[Excerpts from a dataset]
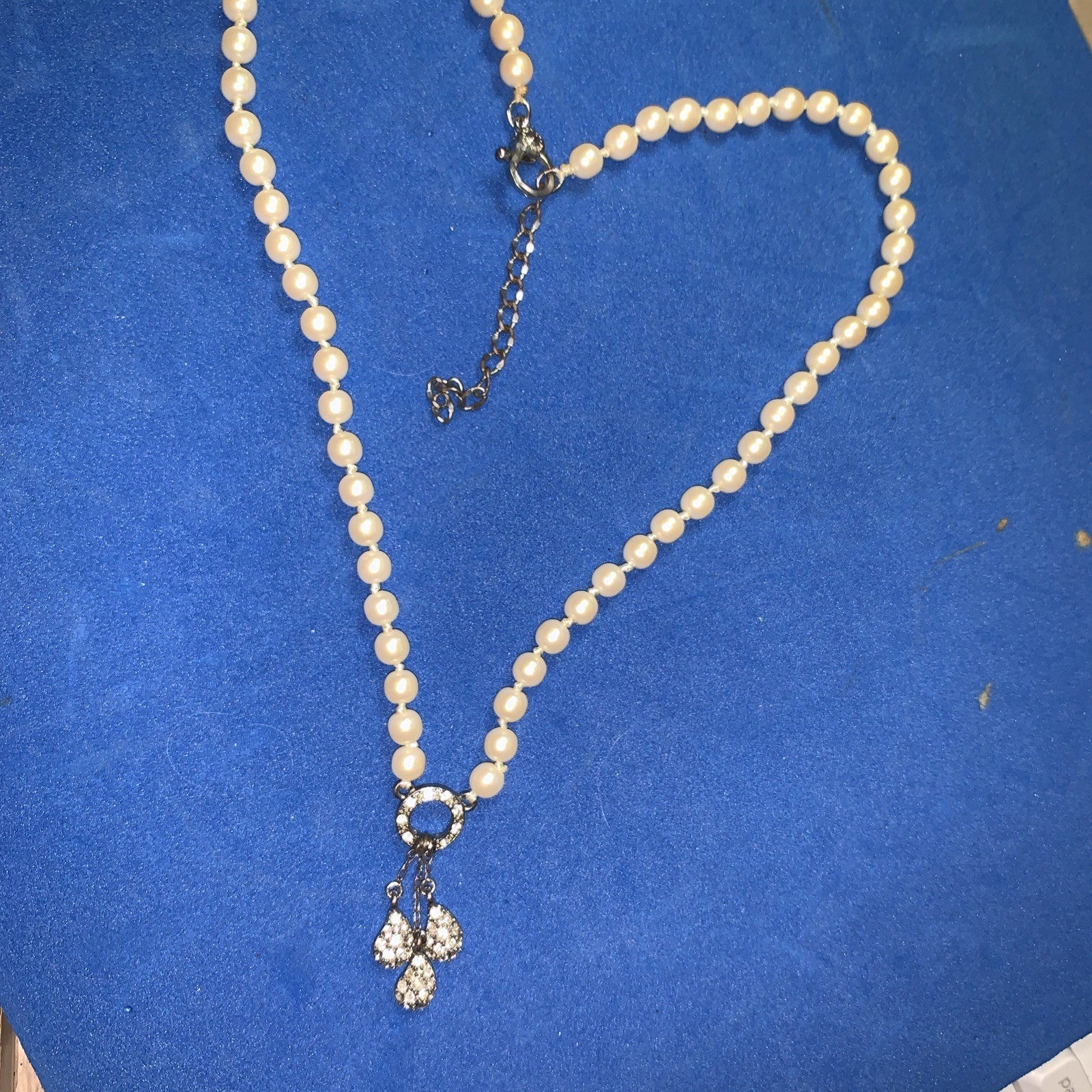 Youth pearls+3 Crystal pendant/silver tone/ lobster clasp/ Extension/ 10in.+3in
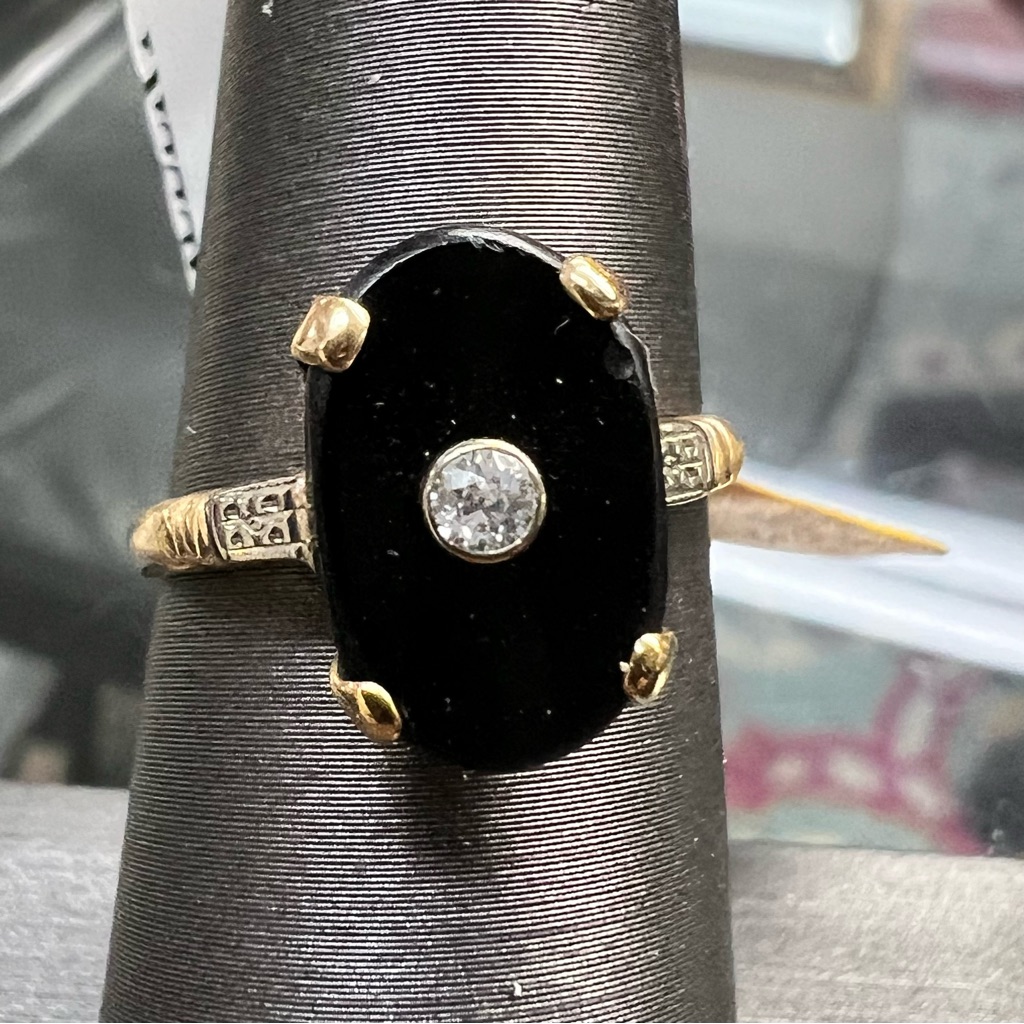 Vintage 14k Yellow Gold Diamond  Onyx Ring
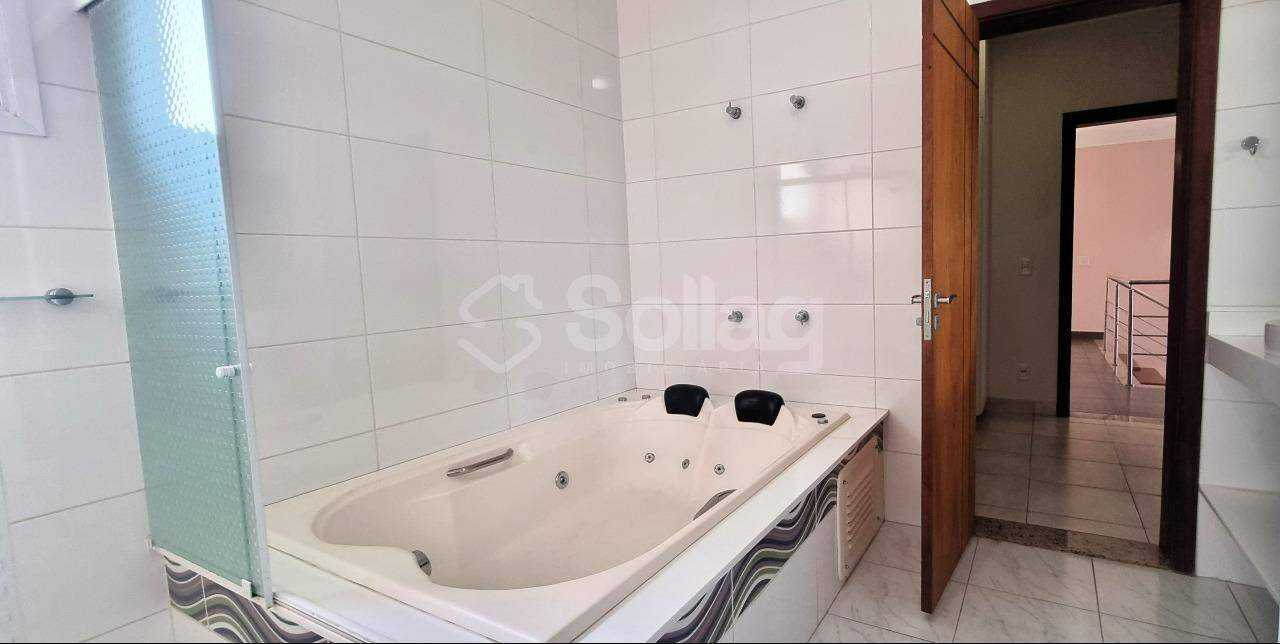 Casa em condomínio à venda no Condomínio Canterville Residence:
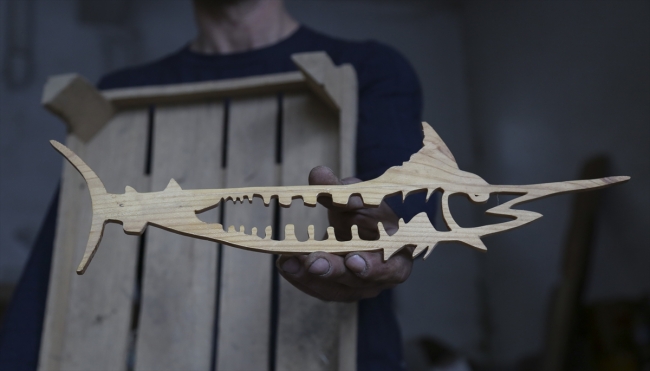 Ahşap atıkları sanatıyla ekonomiye kazandırıyor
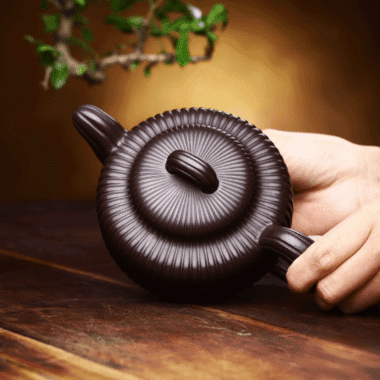 Full Handmade Yixing Zisha Teapot [Jin Wen Biyu] (Meigui Zi Ni – 300ml)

> _Description of the task_
Return only the lines that start at the line containing "Ahşap atıkları sanatıyla" and finish at the last line of the entries, exactly as written and without pictures.

> _Answer area_
 Ahşap atıkları sanatıyla ekonomiye kazandırıyor
 Full Handmade Yixing Zisha Teapot [Jin Wen Biyu] (Meigui Zi Ni – 300ml)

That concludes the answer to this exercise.